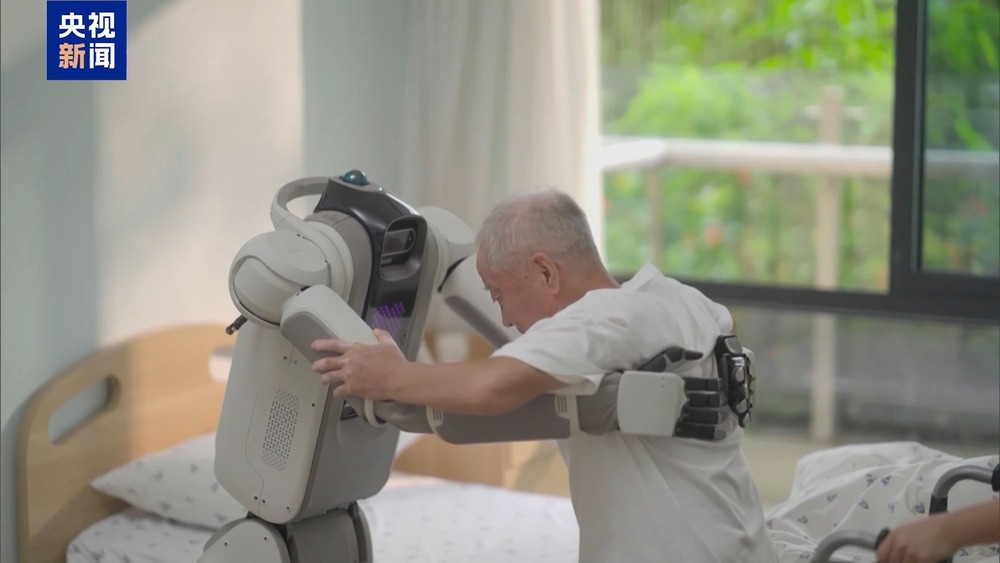 能倒水会聊天！保姆机器人亮相满足家庭照护需求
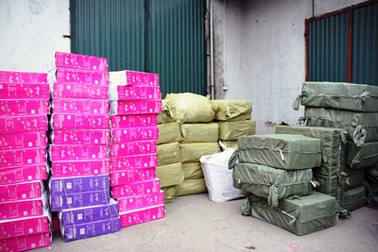 Hà Nội: Bắt xe tải chở hàng trăm đầu thu kỹ thuật số VTC nghi giả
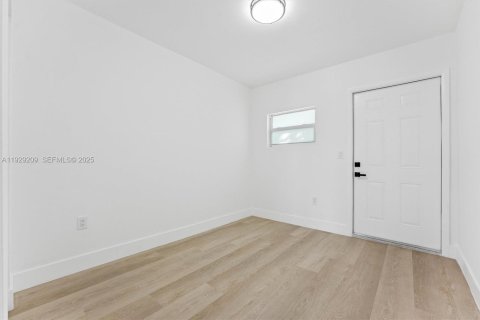 Villa ou maison à louer à Sunrise, Floride: 3 chambres, 128.48 m2 № 1990729 - photo 15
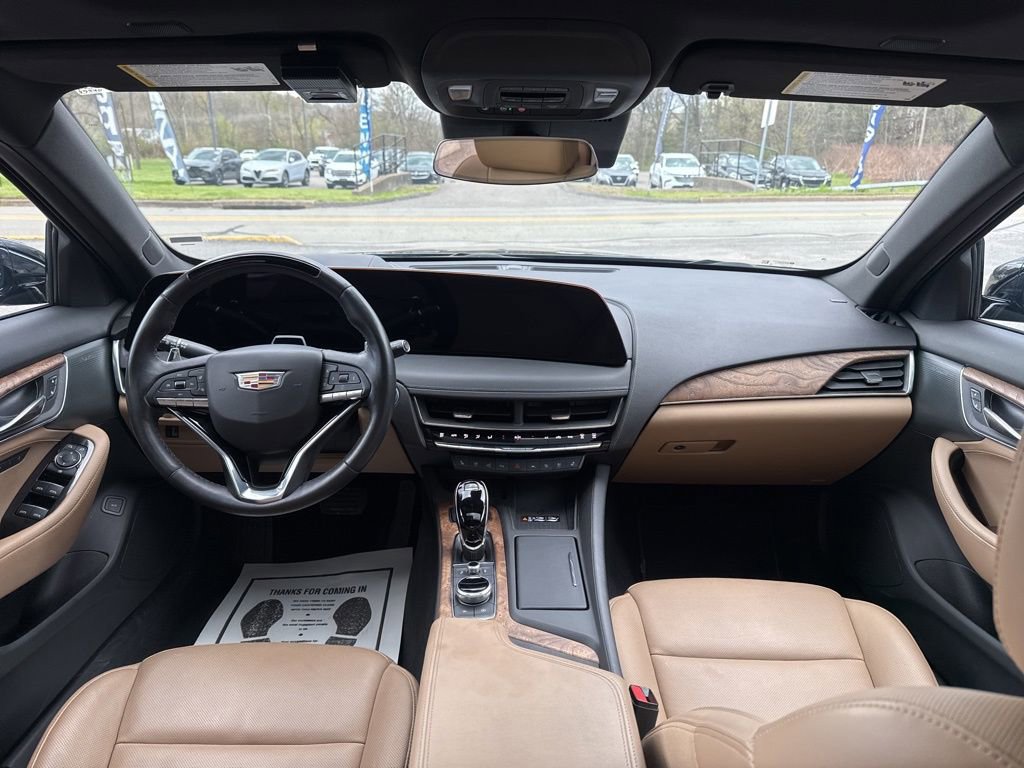 Used 2025 Cadillac CT5 Premium Luxury image 9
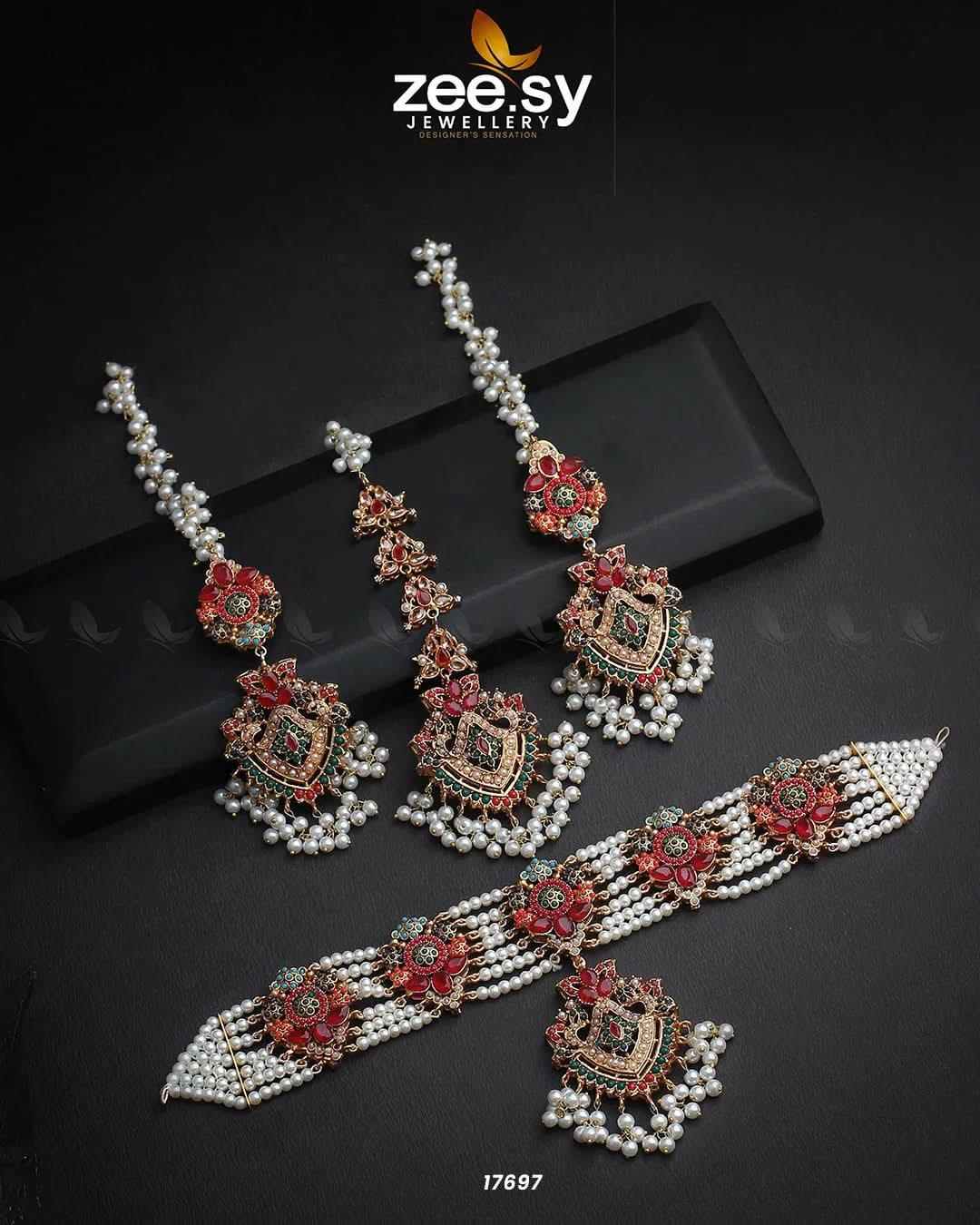 Ritual Necklace - Zeesy.pk
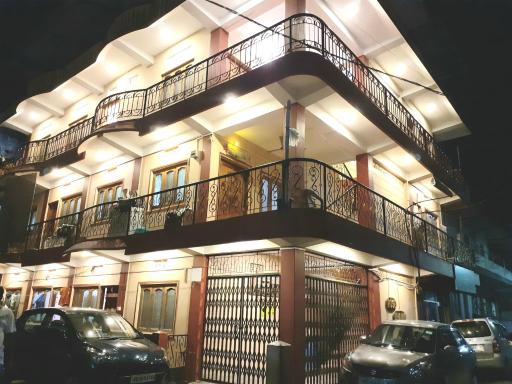 Sandy Shores Home Stay - Housity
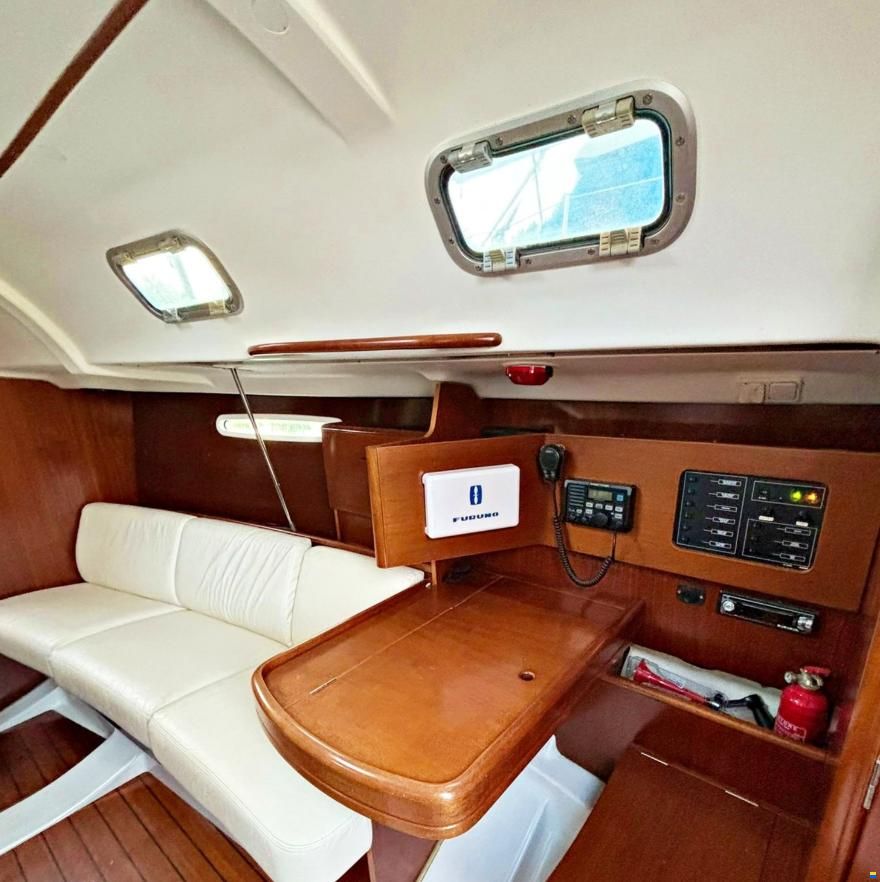 Beneteau First 31.7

*Task objective*
Everything from the line with "Sandy Shores Home Stay - Housity" through the last line of the listing should be retyped exactly, with both end lines kept and the pictures left out.

*Result*
 Sandy Shores Home Stay - Housity
 Beneteau First 31.7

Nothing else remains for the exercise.